The course of a life can turn on small incidents. Funny that I never told him about this. But seeing the photograph of Professor Dale A. Johnson in the Vanderbilt Divinity School catalog in the summer of 1975 triggered the internal motion that resulted in my enrollment at VDS later that same summer.

To be sure, other factors contributed to this choice. Encouraged by a Church of Christ mentor in whom I had developed an uncritical trust, I had cobbled together a complicated arrangement for funding my divinity school career abroad. It involved a group of Church of Christ congregations in Texas. I am pretty sure this “arrangement” had reality only in my own wishful dreamscape. Nothing was ever signed or even verbally agreed to. No memorandum of understanding between me and these congregations was ever drafted.

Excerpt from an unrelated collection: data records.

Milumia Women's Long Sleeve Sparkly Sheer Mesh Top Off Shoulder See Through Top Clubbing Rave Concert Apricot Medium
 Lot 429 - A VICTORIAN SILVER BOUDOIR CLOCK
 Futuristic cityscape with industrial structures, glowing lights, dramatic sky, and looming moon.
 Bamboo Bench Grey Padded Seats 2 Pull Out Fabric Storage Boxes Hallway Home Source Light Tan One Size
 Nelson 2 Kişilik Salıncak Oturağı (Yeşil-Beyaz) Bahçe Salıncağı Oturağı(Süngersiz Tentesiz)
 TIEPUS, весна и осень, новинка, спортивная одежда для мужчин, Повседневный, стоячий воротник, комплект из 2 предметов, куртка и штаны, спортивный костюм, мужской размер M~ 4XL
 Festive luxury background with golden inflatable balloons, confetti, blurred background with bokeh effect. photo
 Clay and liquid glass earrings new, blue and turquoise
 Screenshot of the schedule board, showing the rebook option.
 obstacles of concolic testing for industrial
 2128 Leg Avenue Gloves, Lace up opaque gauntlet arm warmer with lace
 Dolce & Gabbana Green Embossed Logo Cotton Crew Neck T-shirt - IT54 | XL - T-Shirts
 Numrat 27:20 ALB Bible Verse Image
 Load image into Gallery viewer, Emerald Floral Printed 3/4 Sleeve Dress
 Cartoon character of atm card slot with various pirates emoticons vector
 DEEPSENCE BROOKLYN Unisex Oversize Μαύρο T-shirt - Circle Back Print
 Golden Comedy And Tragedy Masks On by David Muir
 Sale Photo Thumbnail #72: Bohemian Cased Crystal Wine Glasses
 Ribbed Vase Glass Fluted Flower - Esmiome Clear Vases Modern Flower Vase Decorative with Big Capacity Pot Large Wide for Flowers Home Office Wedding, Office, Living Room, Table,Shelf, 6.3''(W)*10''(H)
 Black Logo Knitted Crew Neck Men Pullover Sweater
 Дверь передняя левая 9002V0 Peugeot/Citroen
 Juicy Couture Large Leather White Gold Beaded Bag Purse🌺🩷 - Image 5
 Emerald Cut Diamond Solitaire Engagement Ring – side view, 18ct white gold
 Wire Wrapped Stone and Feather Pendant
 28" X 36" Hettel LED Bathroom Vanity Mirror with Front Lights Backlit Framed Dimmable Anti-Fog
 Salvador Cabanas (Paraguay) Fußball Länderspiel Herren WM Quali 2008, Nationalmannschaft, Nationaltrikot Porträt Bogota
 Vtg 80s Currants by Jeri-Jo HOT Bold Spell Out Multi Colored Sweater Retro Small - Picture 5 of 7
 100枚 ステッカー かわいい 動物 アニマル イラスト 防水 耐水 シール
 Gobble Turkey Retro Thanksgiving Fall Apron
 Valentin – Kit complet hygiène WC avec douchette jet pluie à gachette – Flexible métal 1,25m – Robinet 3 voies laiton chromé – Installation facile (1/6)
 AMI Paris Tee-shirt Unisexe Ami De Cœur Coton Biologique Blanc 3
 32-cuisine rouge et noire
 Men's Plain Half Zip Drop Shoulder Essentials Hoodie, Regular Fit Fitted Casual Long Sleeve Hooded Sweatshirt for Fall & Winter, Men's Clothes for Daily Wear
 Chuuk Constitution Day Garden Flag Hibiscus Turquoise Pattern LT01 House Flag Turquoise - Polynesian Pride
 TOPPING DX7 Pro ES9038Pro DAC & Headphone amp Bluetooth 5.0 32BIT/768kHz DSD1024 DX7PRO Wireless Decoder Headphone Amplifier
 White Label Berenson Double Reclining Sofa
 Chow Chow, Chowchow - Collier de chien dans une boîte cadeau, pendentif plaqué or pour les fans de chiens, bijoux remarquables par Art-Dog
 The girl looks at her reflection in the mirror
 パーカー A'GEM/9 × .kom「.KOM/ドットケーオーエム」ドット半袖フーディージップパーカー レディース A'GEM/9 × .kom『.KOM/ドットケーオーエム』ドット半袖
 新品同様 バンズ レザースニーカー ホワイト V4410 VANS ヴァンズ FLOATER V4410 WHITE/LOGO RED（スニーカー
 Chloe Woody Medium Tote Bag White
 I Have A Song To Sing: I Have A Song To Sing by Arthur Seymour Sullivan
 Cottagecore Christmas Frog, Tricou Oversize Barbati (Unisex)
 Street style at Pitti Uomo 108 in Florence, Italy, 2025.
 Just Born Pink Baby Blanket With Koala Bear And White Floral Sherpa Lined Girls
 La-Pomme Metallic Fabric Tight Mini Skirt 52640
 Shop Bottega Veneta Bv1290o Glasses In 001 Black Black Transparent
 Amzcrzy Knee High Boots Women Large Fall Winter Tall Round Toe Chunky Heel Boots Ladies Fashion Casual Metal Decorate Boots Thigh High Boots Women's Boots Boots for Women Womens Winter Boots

Amazingly, I had never even met the good people of the plains whom I nevertheless expected to make it possible for me and my young wife to travel to Scotland, where a bursary – the Scottish word for scholarship – was being held for me by New College, Edinburgh. There I would add to my stellar academic work labor as assistant to the previously mentioned mentor, a Church of Christ “missionary” from my home town in Texas who was being supported by churches in the States to persuade the working class Scots of Glasgow’s Castlemilk housing project to “obey the Gospel” and become members of the True Church. As Jack Paar would say, I kiddeth thou not.

That this ill-advised funding scheme fell through in mid-summer I regard now as great good fortune. But in the event I felt pressure to come up with plan B. At the eleventh hour – just two weeks before classes were to begin – Frank Gulley, then associate dean of Vanderbilt Divinity School, called to say that VDS wanted me as a student and could provide me with a partial scholarship that I could supplement with a job in the school’s work/study program.

I had applied to Vanderbilt Divinity School just before I got married in July, thinking it might be a good idea to have a backup plan in case the funding scheme for Scotland evaporated. It was just about the only prudential thing I managed to do that summer. A college professor I respected and admired – after four years toeing the ideological line at Abilene Christian College I was willing to say that about very few of my teachers – a teacher I admired who was a widely respected scholar of the Hebrew Bible had graduated from Vanderbilt’s Graduate Department of Religion with a Ph.D. When I encountered him one morning in the college bookstore, I asked him whether he would advise me to go to Vanderbilt Divinity School. Professor John T. Willis said yes, but added that I would need to be strong lest Vanderbilt cause me to lose my faith.

Hard upon Willis’s qualified endorsement, the scholarship offer from Dean Gulley was a major incentive. My parents had been clear that they would not provide financial support beyond my college graduation. At the time, this seemed reasonable enough. Besides, I was eager for the freedom and the challenges of being on my own in the world. Newly married at 22, I was – we were – now to sit on our own bottom financially. And we did. We both found jobs soon after unpacking our modest assemblage of belongings in a Nashville apartment.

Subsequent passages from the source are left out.